La cuisine d’Elvis : théâtre et vidéo pour 1 h 30 de plaisir
Sexe, ketchup et vidéo
Déployant aussi aisément profondeur des sentiments qu’humour de mauvais goût, faisant rimer détresse humaine avec ketchup et problèmes sexuels avec hamburger, la cuisine d’Elvis, de Lee Hall, est de ces œuvres inclassables, offrant autant d’attraits que d’écueils à celui qui veut la monter. Marilyn Leray (comédienne et metteure en scène) et Marc Tsypkine (vidéaste) ont cependant relevé ce défi et le résultat, pour notre plus grand plaisir, est un moment de spectacle jubilatoire. Entrons sans plus attendre dans la cuisine d’Elvis...

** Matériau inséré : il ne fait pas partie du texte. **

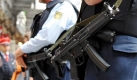 Obwohl deutsche Sicherheitsbehörden vor Panikmache warnen, haben die USAihren Bürgern empfohlen, sich bei Deutschlandreisen unaufällig zu verhalten und wachsam zu sein. Die jüngsten Terrorvideos mit Drohungen gegen Deutschland haben sie dazu veranlasst. Die Sicherheitsvorkehrungen wie hier am Hauptbahnhof in Frankfurt sind auch inDeutschland verschärft worden. Foto: dpa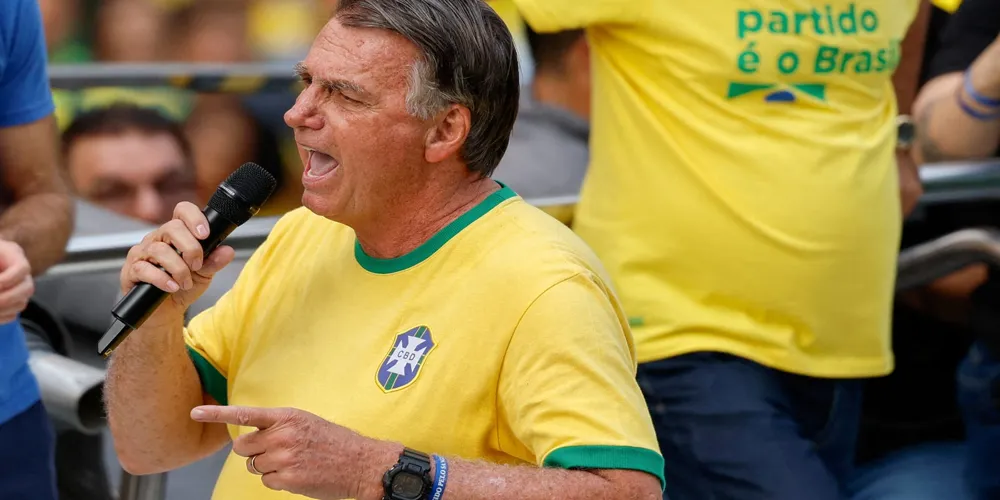 Jair Bolsonaro receives invitation to Donald Trump's inauguration amid legal troubles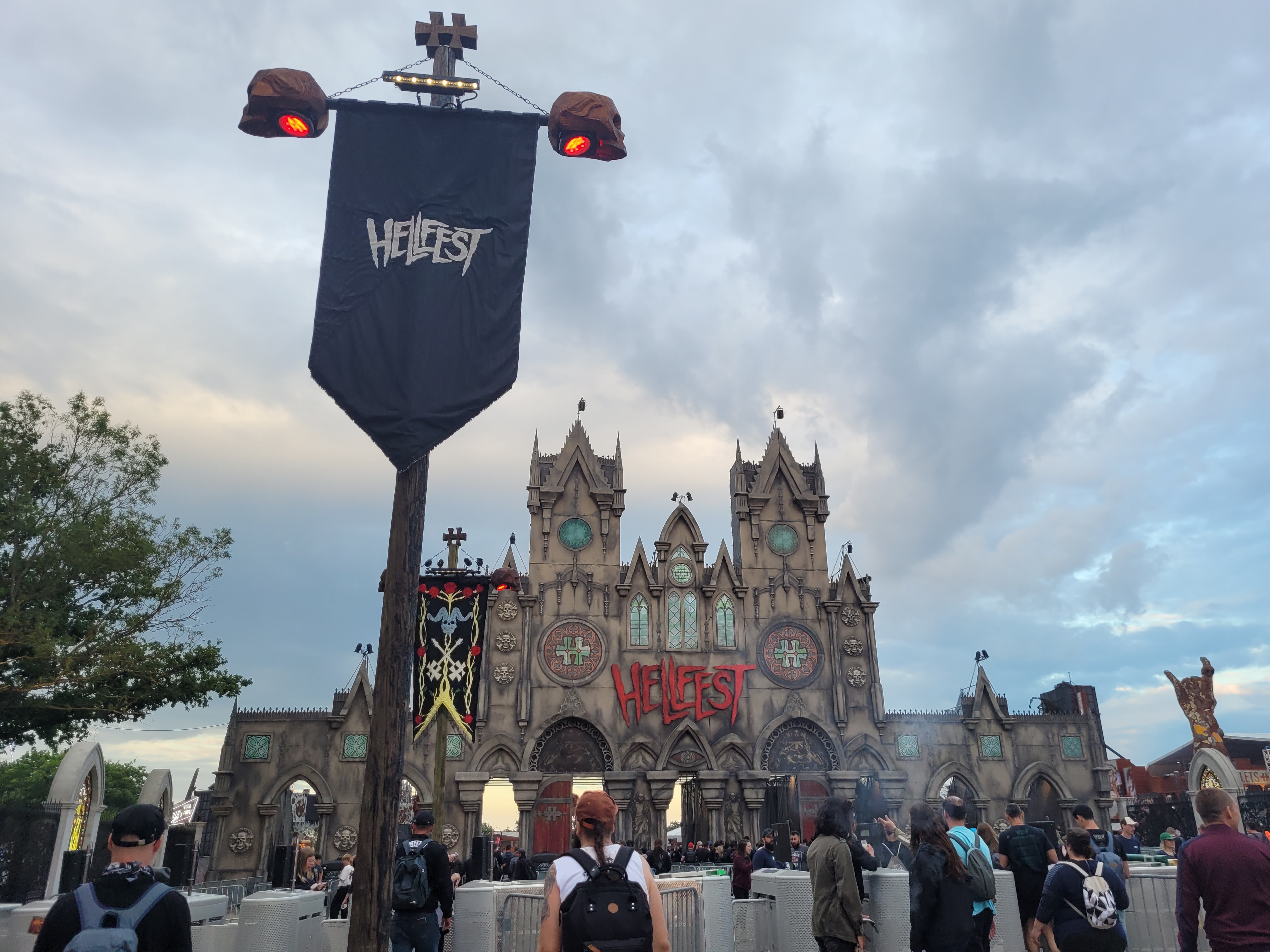 La fameuse cathédrale du Hellfest, emblème de tous les festivaliers © Zack Seminet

Mam et sa fille Jill entretiennent des relations tumultueuses. Jill, en pleine adolescence, se trouve laide et tente de se consoler en passant son temps à manger. C’est que son « Dad » a eu un grave accident quelques années plus tôt, et qu’il est à présent en fauteuil roulant, tétraplégique, plus ou moins inconscient du monde qui l’entoure. Mais Mam, à 38 ans, se sent pleine de vie, et le prouve en ramenant un beau jour Stuart à la maison, un jeune apollon écervellé mais terriblement viril. Jill, elle, ne l’entend pas de cette oreille... A cela il faut ajouter une bonne dose de bouffe, de sexe et...d’Elvis !
Mam, à 38 ans, se sent pleine de vie, et le prouve en ramenant un beau jour Stuart à la maison, un jeune apollon écervellé mais terriblement viril.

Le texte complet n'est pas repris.